Capturing a Lost Moment of Digital Honesty

MacKay sees this period as representing a unique moment in digital history. "We're all so digitally isolated now and our online avatars are curated within an inch of their life in service of the reputational economy of 'likes' and follows," she observes. "But there was this finite moment in human history when we all participated in this far more honest and convivial form of online social interaction, uploading our images with no real intent beyond a kind of absent-minded fun."

Visitors to her exhibition reportedly recognize this not-so-distant time when social media promised to create genuine digital community spaces before more superficial and narcissistic tendencies emerged.

Technical Challenges of Painting Digital Imperfections

Translating these low-quality digital images into paintings presented unique technical challenges. "In figuring out how to best transpose the low-fi digital aesthetic of these images into paintings, I've had to understand how digital camera sensors work and, more specifically, the technology's limitations in this 2000s era," MacKay explains.

The artist developed innovative techniques to recreate specific digital aberrations:

  • Low-light noise patterns
  • Pixel bleed effects
  • Highlight clipping artifacts

Her latest work employs unconventional materials, including chunky loomstate linen sized with finely chopped pet fur to mimic the randomized texture of digital noise in shadow areas.

Personal Evolution and Artistic Liberation

This exhibition represents more than just an artistic experiment for MacKay.
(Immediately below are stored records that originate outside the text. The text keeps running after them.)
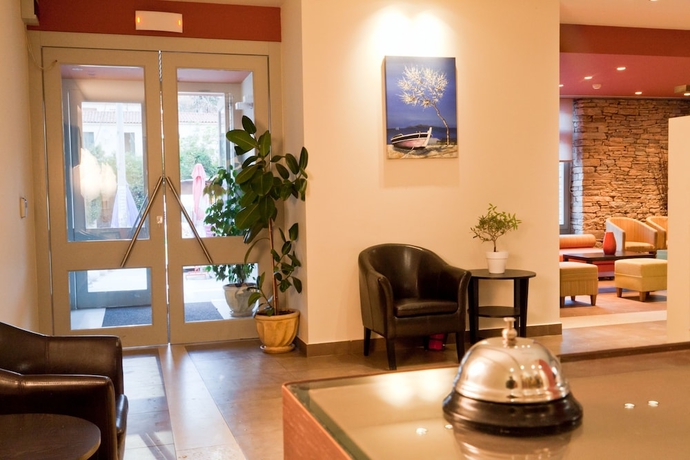 Imagen de los interiores del Hotel Astros Beach. Foto 19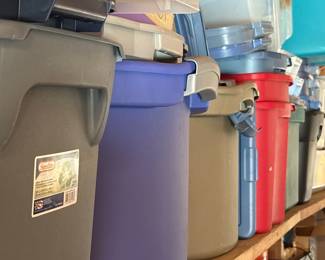 Sterilite and Rubbermaid Storage Totes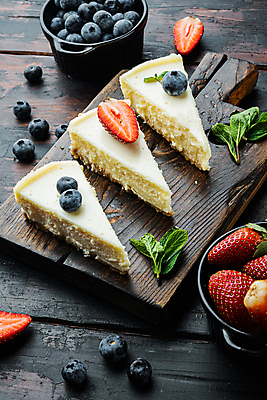 포토 JPG 해외이미지 딸기 디저트 사람없음 케이크 달콤 블루베리 치즈케이크 해외포토 음식 과일 맛 파일형식 이미지허브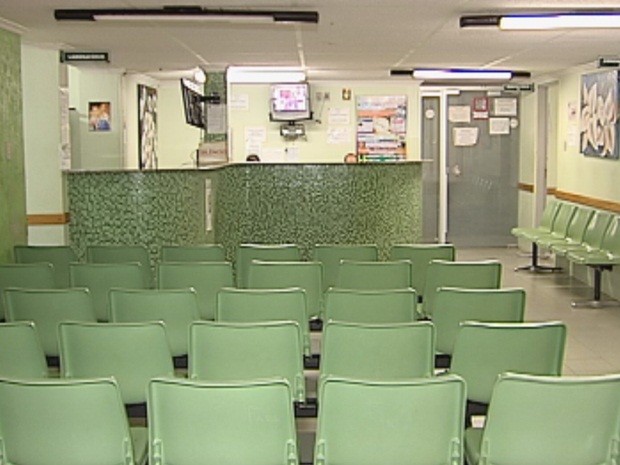 Sala de atendimento estava vazia por falta de profissionais (Foto: Reprodução/TV TEM)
For years, she found refuge in large-scale photorealism, which helped her manage dyslexia and inattentive ADHD through its meticulous, detail-oriented process. However, she eventually questioned whether this refuge had become a creative limitation.

"For years, I had found refuge in painting these enormous and time-consuming photoreal works that shielded me from really interrogating why I paint," she admits.

To address this, MacKay embarked on a two-year cognitive training program that allowed her to return to Curtin University to complete her fine arts degree. There, she expanded her artistic vocabulary, incorporating elements from classical realism, 17th-century Dutch golden age painters, and 18th-century neo-impressionists into her evolving practice.

The Human Touch in an Age of AI Perfection

In an era where generative AI can create perfect images with a simple prompt, MacKay believes imperfection represents humanity's last artistic bastion. "Photorealism is birthed from and reliant on photography and typically avoids a painterly aesthetic, with little to no obvious brush marks," she says. "But it's very much my intent that these works look specifically like paintings of digital photographs from this era."

She emphasizes the importance of apparent human labour and raw materiality in her works, grounding otherwise easily dismissed digital images within a historic painting tradition. "In an increasingly synthetic world, the human touch becomes more valuable than ever," MacKay concludes.

Social Realism opens on February 5 and runs until March 11 at Lawson Flats in Perth, offering visitors a nostalgic journey through digital history and a thoughtful commentary on social media's evolution.